WHAT IS EXPECTED: All the lines below should appear again unchanged, though their pictures should not.

SUPPLIED DATA:
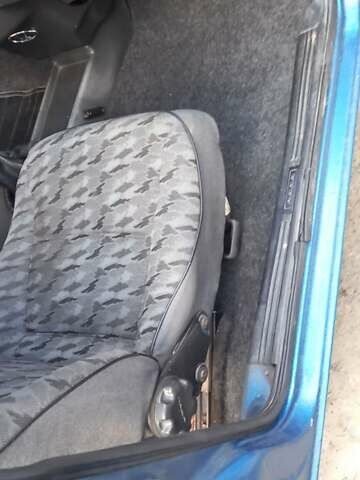 Синий ВАЗ 21099, объемом двигателя 1.5 л и пробегом 277 тыс. км за 1900 $, фото 18 на Automoto.ua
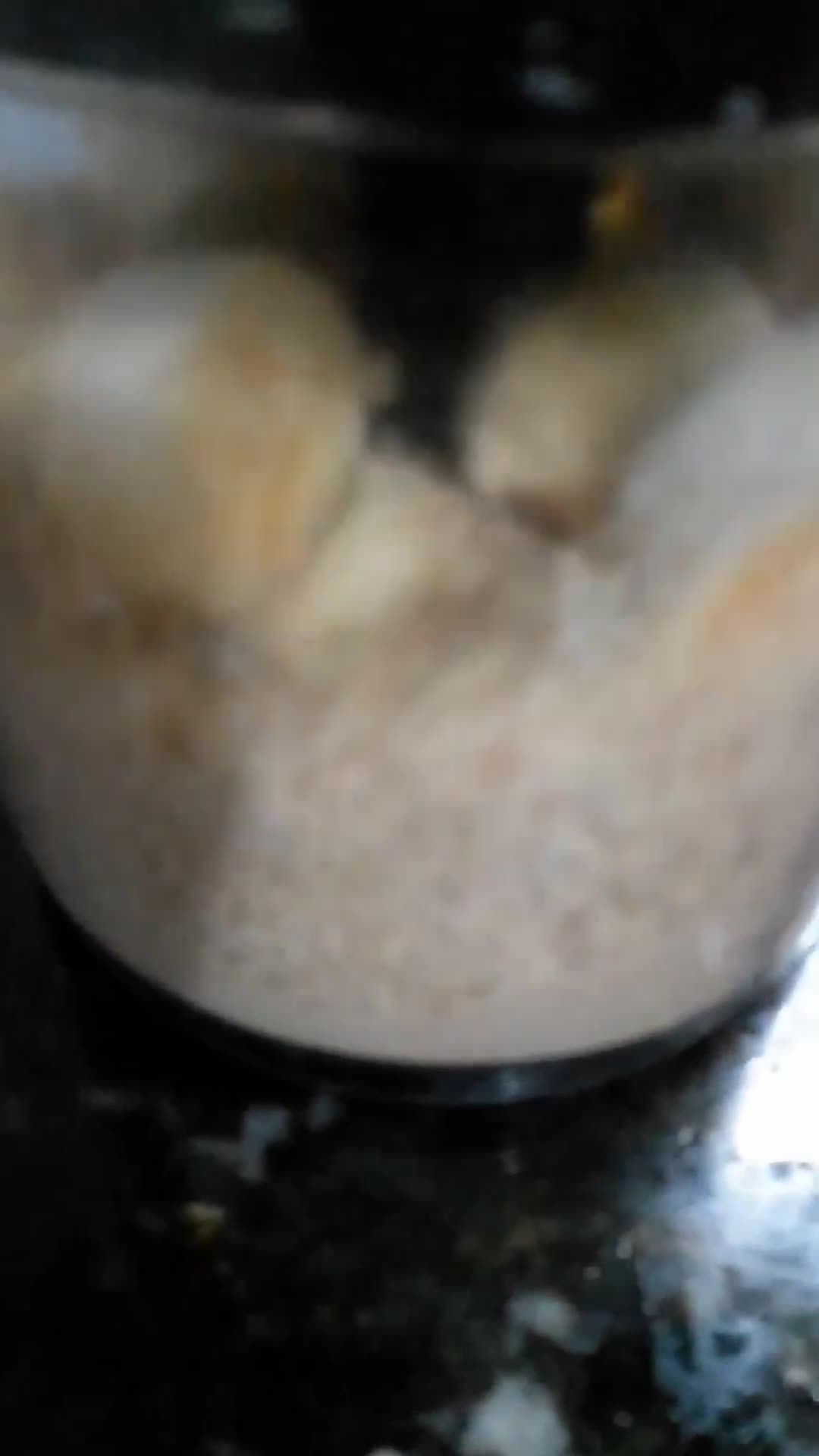 Foto del paso 2 de la receta: Galletitas de avena, banana y maní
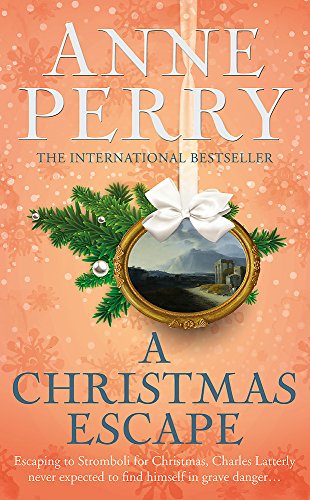 A Christmas Escape (Christmas Novella 13): A festive murder mystery set on a lonely Italian island
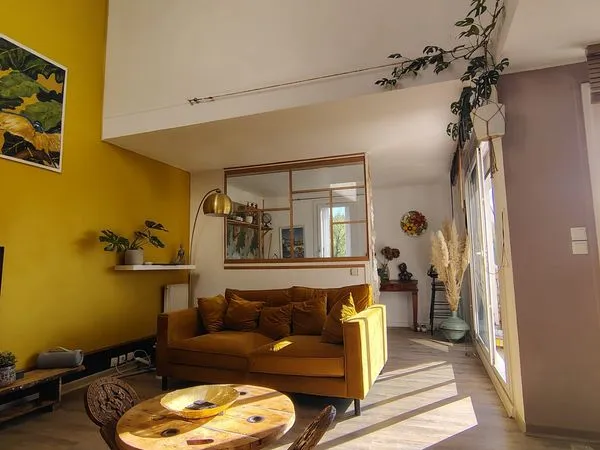 ✨ RARE - Duplex 105 m² - Dernier étage - Vue lac - Garage fermé - Plessis-la-Forêt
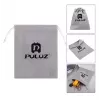 Set de accesorios Puluz PKT11 para cámaras deportivas — 20 piezas, compatible con Osmo Action 5 Pro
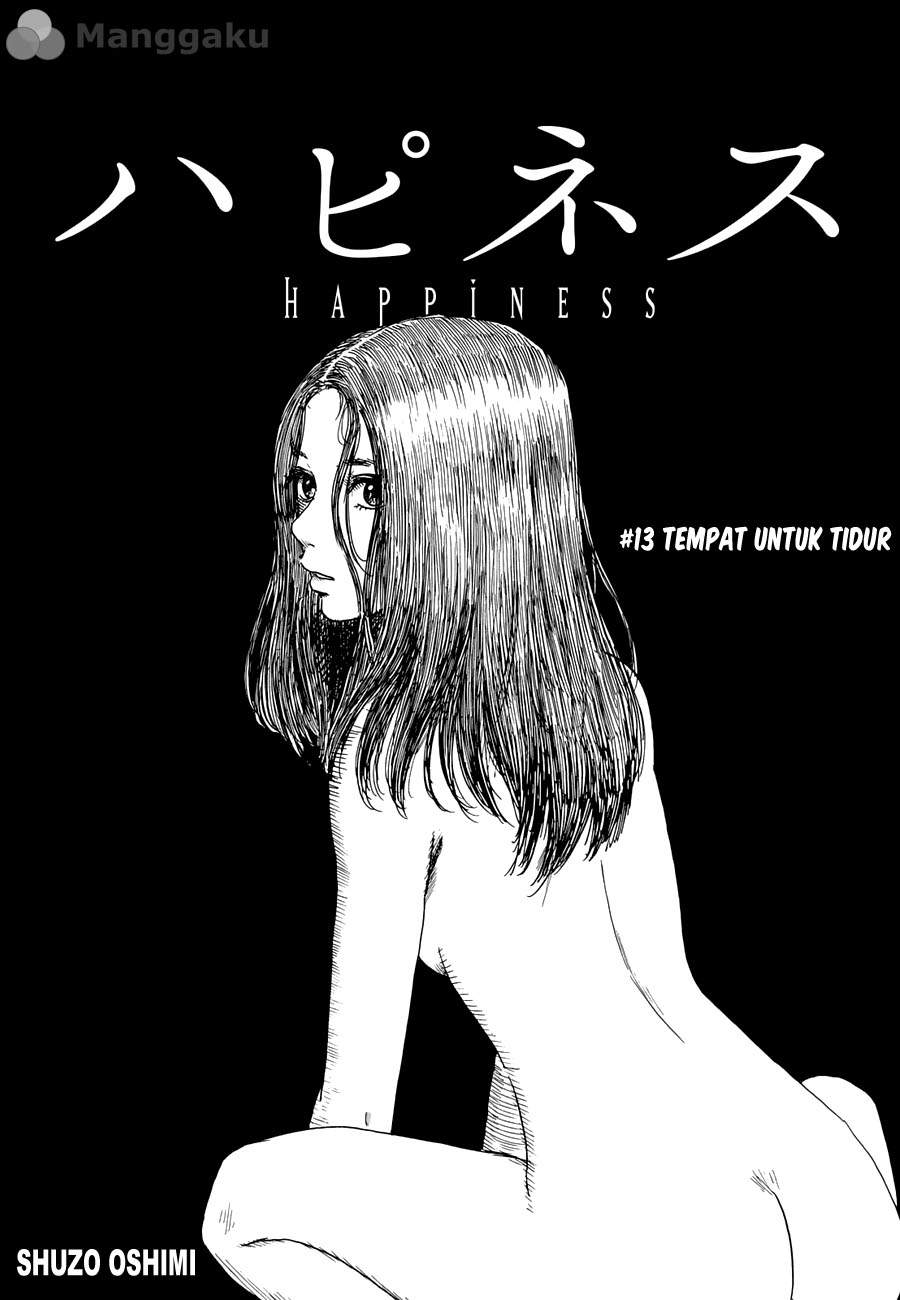 Happiness Chapter 13 - halaman 1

RESULT:
 Синий ВАЗ 21099, объемом двигателя 1.5 л и пробегом 277 тыс. км за 1900 $, фото 18 на Automoto.ua
 Foto del paso 2 de la receta: Galletitas de avena, banana y maní
 A Christmas Escape (Christmas Novella 13): A festive murder mystery set on a lonely Italian island
 ✨ RARE - Duplex 105 m² - Dernier étage - Vue lac - Garage fermé - Plessis-la-Forêt
 Set de accesorios Puluz PKT11 para cámaras deportivas — 20 piezas, compatible con Osmo Action 5 Pro
 Happiness Chapter 13 - halaman 1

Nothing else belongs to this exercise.